■ What you have to do
Take the lines from the one with "Japanese Shiba Inu dogs" through the last line of the material below and write them out exactly, without any pictures.

┌─ Dataset extract

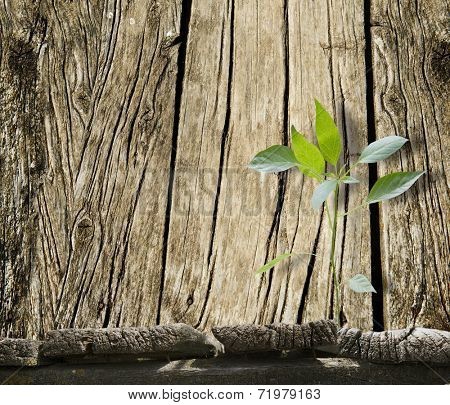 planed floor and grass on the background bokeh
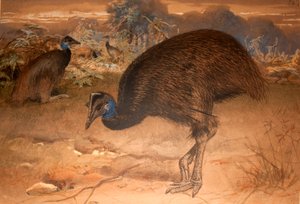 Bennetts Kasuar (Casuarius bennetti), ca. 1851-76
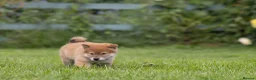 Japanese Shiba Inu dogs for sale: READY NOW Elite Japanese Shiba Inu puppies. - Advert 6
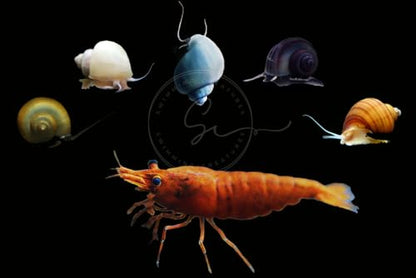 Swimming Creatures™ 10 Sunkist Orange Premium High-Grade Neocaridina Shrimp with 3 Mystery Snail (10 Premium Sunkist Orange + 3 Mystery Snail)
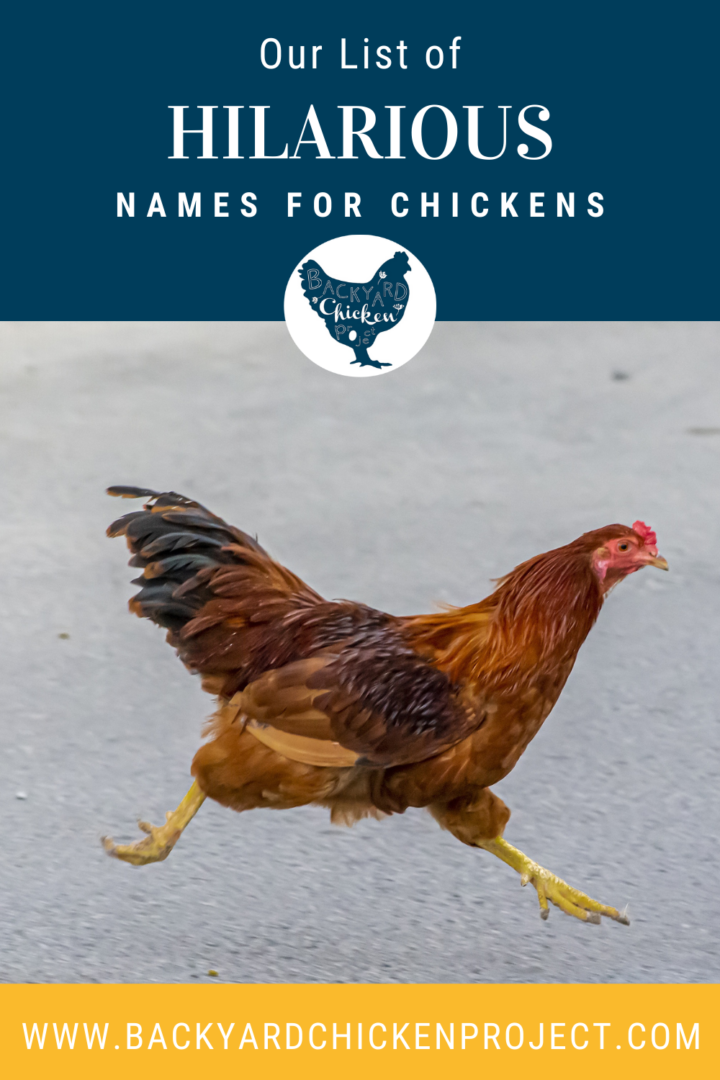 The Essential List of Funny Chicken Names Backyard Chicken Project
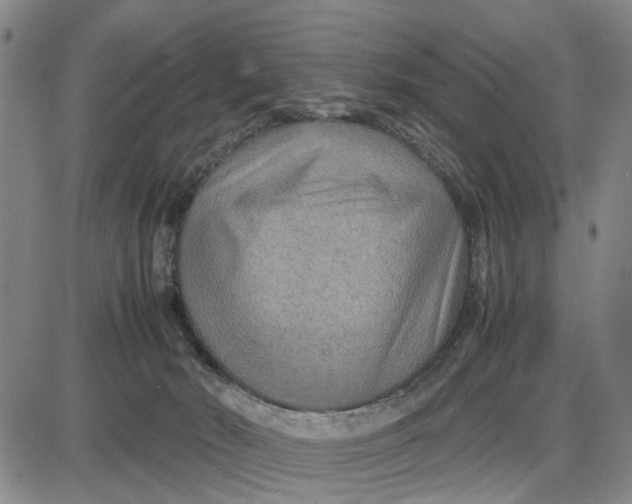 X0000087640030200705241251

└─

■ Result for this exercise
 Japanese Shiba Inu dogs for sale: READY NOW Elite Japanese Shiba Inu puppies. - Advert 6
 Swimming Creatures™ 10 Sunkist Orange Premium High-Grade Neocaridina Shrimp with 3 Mystery Snail (10 Premium Sunkist Orange + 3 Mystery Snail)
 The Essential List of Funny Chicken Names Backyard Chicken Project
 X0000087640030200705241251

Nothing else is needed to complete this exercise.